### REQUIRED ACTION
A verbatim copy of the listing is what is needed, minus any pictures.

### INFORMATION SUPPLIED
%%
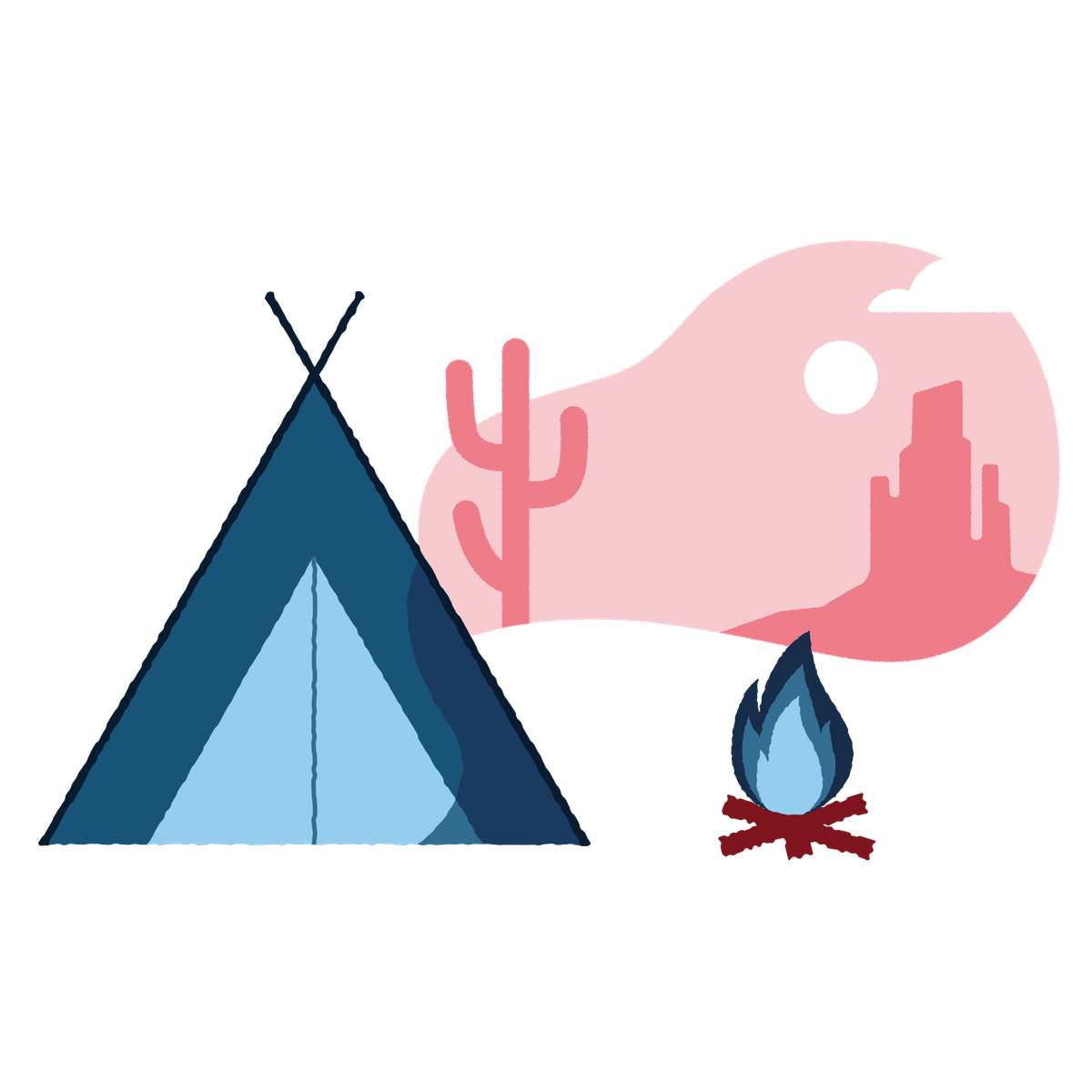 Illustration Camping avec feu de camp et tente dans le style Cherry à télécharger aux formats PNG, SVG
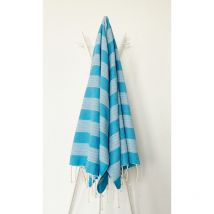 Fouta 100x200 turquoise rayures blanches - 100% coton - franges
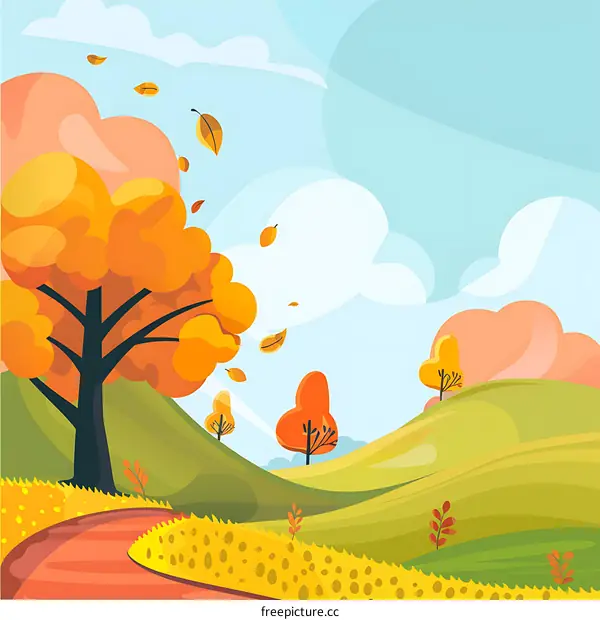 Autumn Landscape With Trees and Path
%%
### ANSWER TO THIS TASK
 Illustration Camping avec feu de camp et tente dans le style Cherry à télécharger aux formats PNG, SVG
 Fouta 100x200 turquoise rayures blanches - 100% coton - franges
 Autumn Landscape With Trees and Path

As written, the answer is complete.